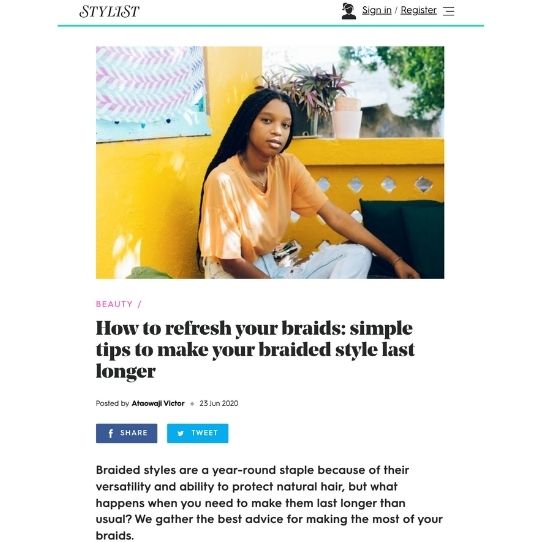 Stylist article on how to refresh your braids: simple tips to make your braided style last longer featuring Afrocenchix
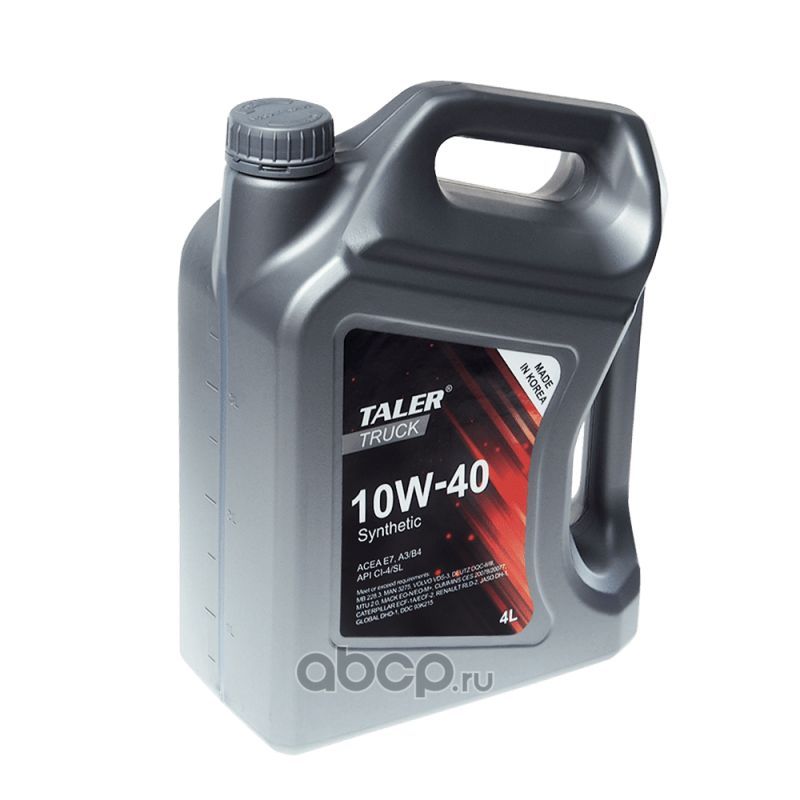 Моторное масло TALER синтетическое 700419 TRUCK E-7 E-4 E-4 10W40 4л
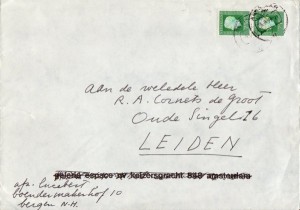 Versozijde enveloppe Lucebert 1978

### Exercise instructions:
Keep the pictures out of the copy and write out the data exactly as it stands.

### Task solution:
 Stylist article on how to refresh your braids: simple tips to make your braided style last longer featuring Afrocenchix
 Моторное масло TALER синтетическое 700419 TRUCK E-7 E-4 E-4 10W40 4л
 Versozijde enveloppe Lucebert 1978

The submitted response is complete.